店の扉を開けると、湯氣に包まれた香りがふわりと揺れる。炒め物を注文する時、いつもの「甘辛」ではなく、ふと思い立って「今日は四川風にできますか」と頼んでみた。店主は目尻をやわらかくして「いいですよ」と返し、鍋を振る腕に力を込める。
唐辛子が油に触れて弾ける音がした。山椒の香りが鼻先をかすめる。その奥に、深い味わいの中華スープの香りが続く。普段食べ慣れている味とは違い、どこか異国の風が吹き込んできたようで気持ちがすっとする。

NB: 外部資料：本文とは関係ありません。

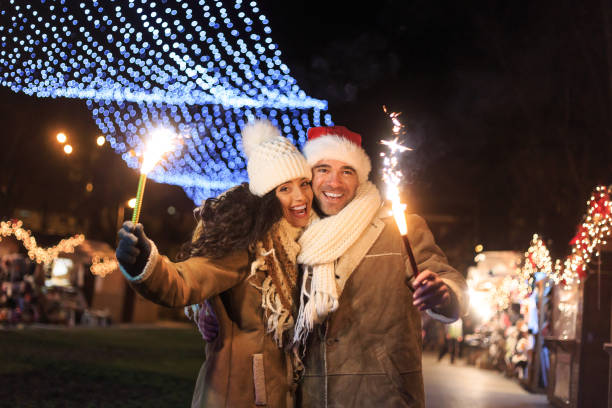 istock Young couple having fun with sparkling candles at night 872093472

皿が運ばれてきて、思わず目が止まった。いつもは黒いキクラゲが彩りを添えているが、今日はオレンジ色の人参が主役のように輝いている。小さな違いなのに、料理の印象はまるで別の一皿だ。
一口食べると、唐辛子の刺激と山椒のしびれ、その奥にやさしい旨み。新鮮で、よく、そして楽しい味だった。気付けば大盛りごはんを二杯。箸を止めることができず、笑いながら店主と「食べすぎましたね」と冗談を交わす。

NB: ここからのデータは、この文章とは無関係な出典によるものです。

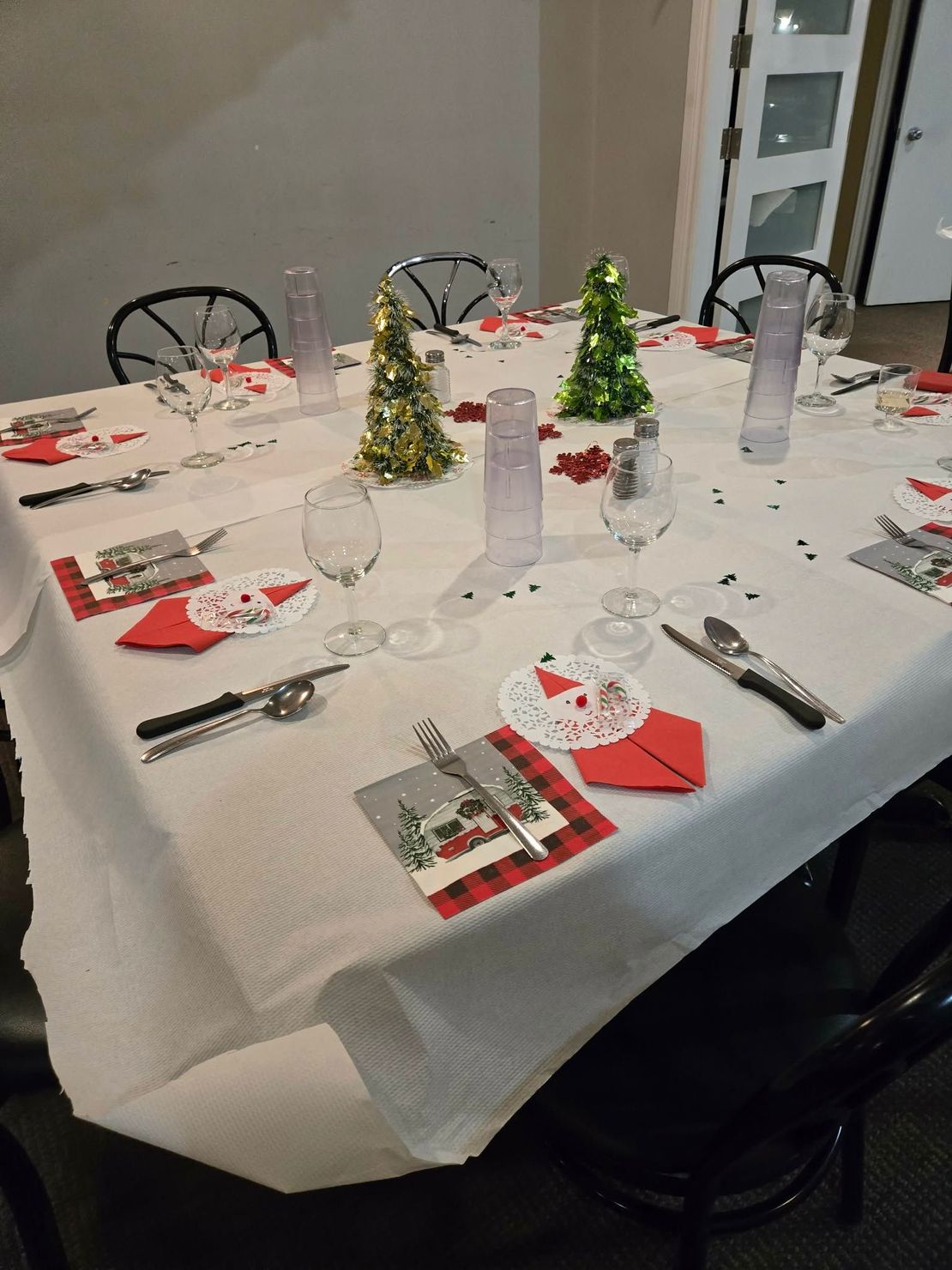 Une table dressée pour un dîner de fête avec des couverts rouges et blancs, des petits sapins de Noël en guirlandes et des verres à pied.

満腹のまま家に帰り、あれもやろう、これも済ませるつもりだったはずなのに、布団に横になった瞬間、まぶたがゆっくり落ちていった。冬の夜の静けさに包まれ、深い眠りへと身を預ける。

何もできなくても、そんな夜があってもいい。
人間らしくて、いいね――
そう思いながら、また明日へ向かう。